His target that spring morning was Amanpulo, the most expensive diving resort on the southern coast of Palawan, where he and the others hoped to harvest a crop of wealthy foreign hostages. They would extort large ransom payments from the victims' families and employers, and shatter the friendly calm vital to the Philippine tourism industry. Palawan was considered completely safe. The trouble in recent years had been confined for the most part to the southern islands. This thrust across the Sulu Sea was a bold move by Abu Sayyaf, and something of a stretch.
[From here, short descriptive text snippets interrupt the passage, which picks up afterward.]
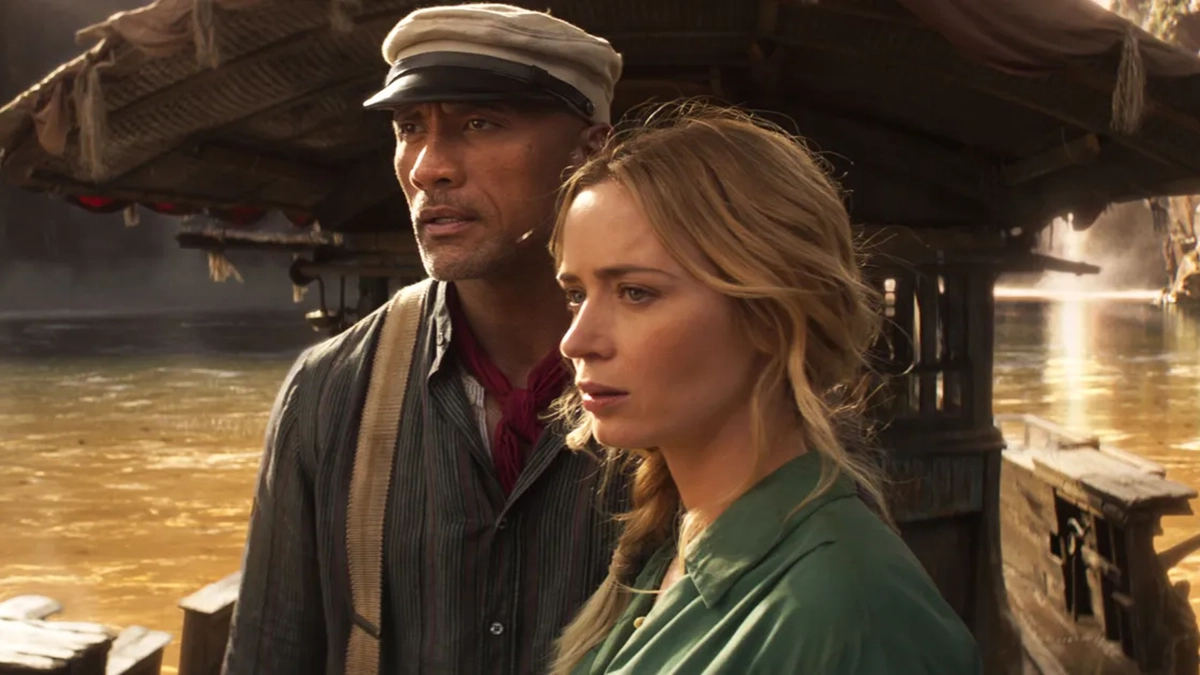 The Rock and Emily Blunt in Jungle Cruise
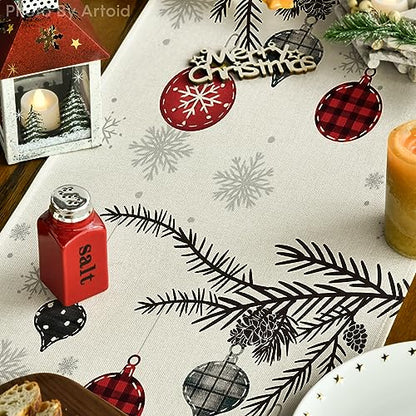 Merry Xmas Pine Tree Table Runner 13x108 Inch Holiday Party Decor - Red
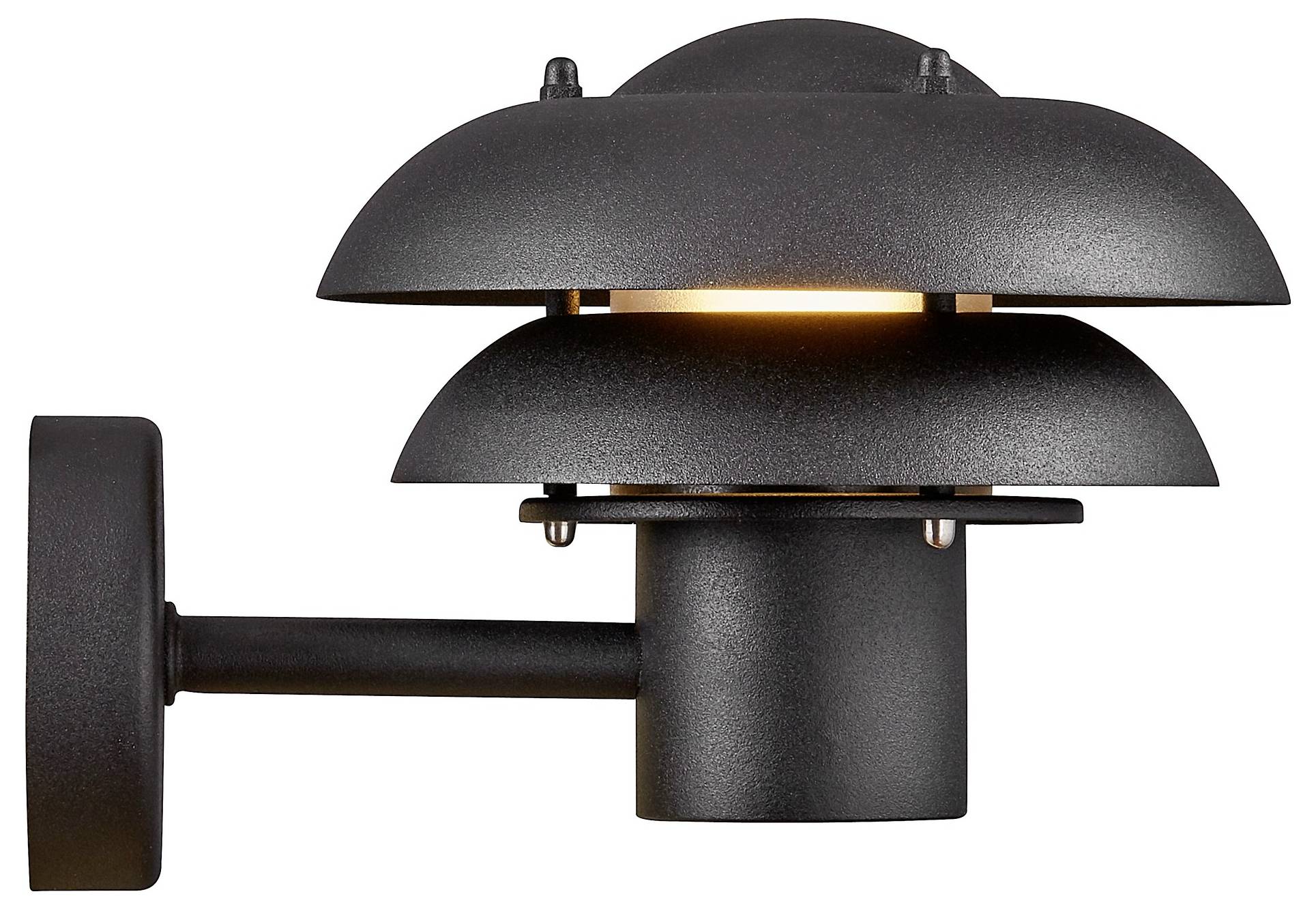 A black, modern wall sconce light fixture with layered circular shades, emitting a warm glow from the center.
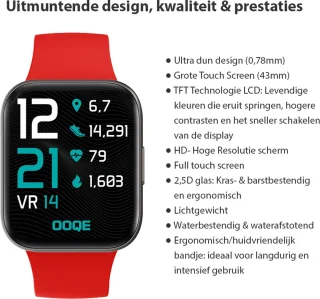 OOQE Watch Pro 6 Smartwatch Rood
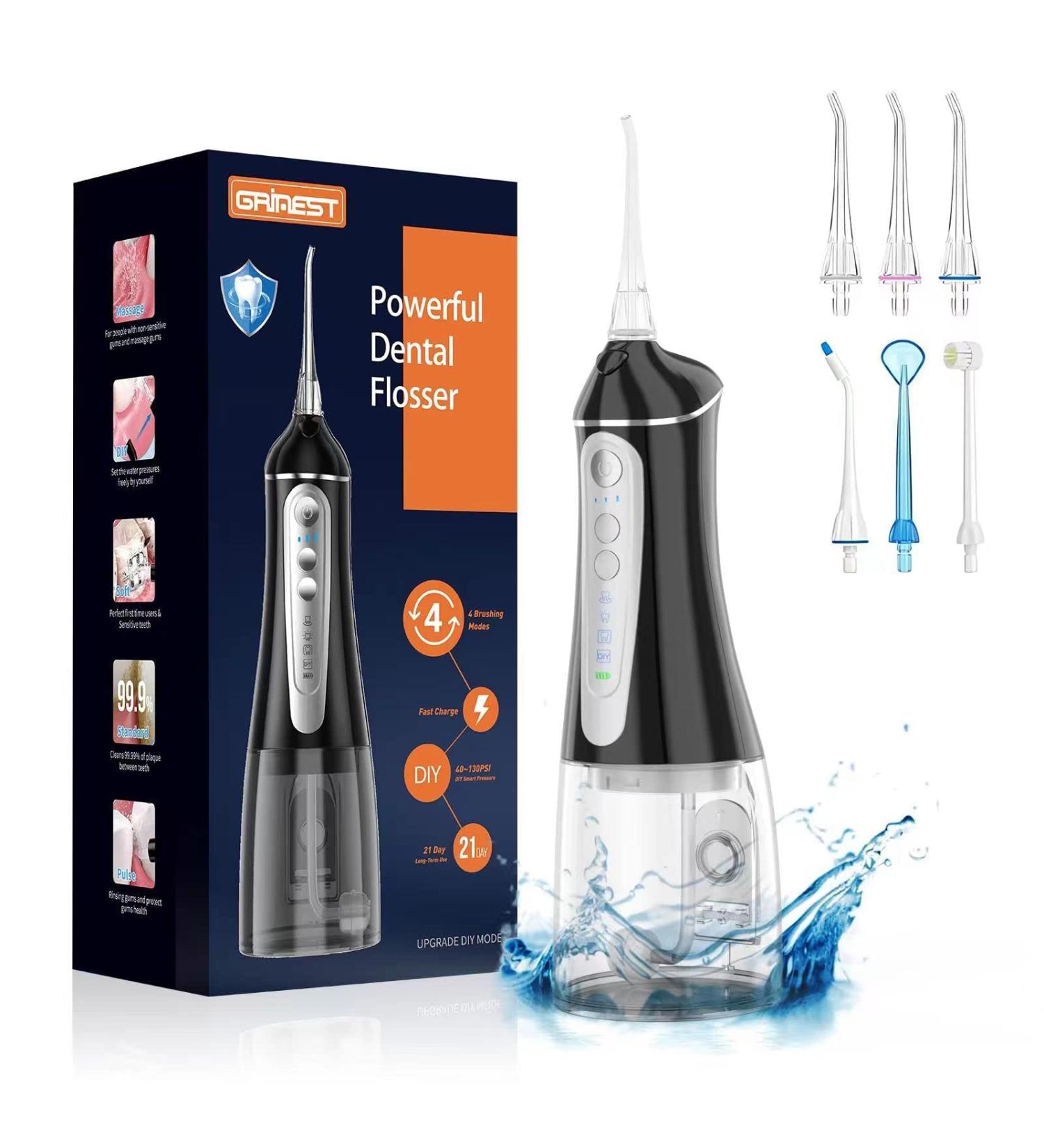 Cordless Water Flosser Dental Oral Irrigator - 4 Modes, 5 Jet Tips, Rechargeable, IPX7 Waterproof - Portable Teeth Cleaner for Home & Travel (Black) - Buy Online on GoSupps.com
Indeed, when Tilao and his men arrived in the unfamiliar waters off Palawan, in the predawn darkness, they got lost. The plan called for them to strike before sunrise and set off on the long return trip while it was still dark. But with dawn rapidly approaching, they grabbed several local night fishermen off their boats and pressed them into service as guides. Abandoning their primary goal, the raiders settled for a resort called Dos Palmas. It was built on a tiny island just off the coast, where visitors could stay in the bay area in little white cottages on stilts above the water.
Among the nearly twenty guests asleep in the bay cottages that morning were three Americans: Guillermo Sobero, a naturalized citizen from Peru who ran a waterproofing business in Corona, California; and a Baptist missionary couple, Martin and Gracia Burnham, who worked for the New Tribes Mission, a global evangelical group. Martin Burnham was a pilot, and his wife worked as his ground support. They were celebrating their eighteenth wedding anniversary, having left their three children with friends in Manila. Sobero's wife (whom he was divorcing) and his four children were back in the States. He had told them he was celebrating his fortieth birthday with relatives at a resort in Arizona. Instead, he was halfway around the world, sharing a cottage with his young Filipino girlfriend, Fe.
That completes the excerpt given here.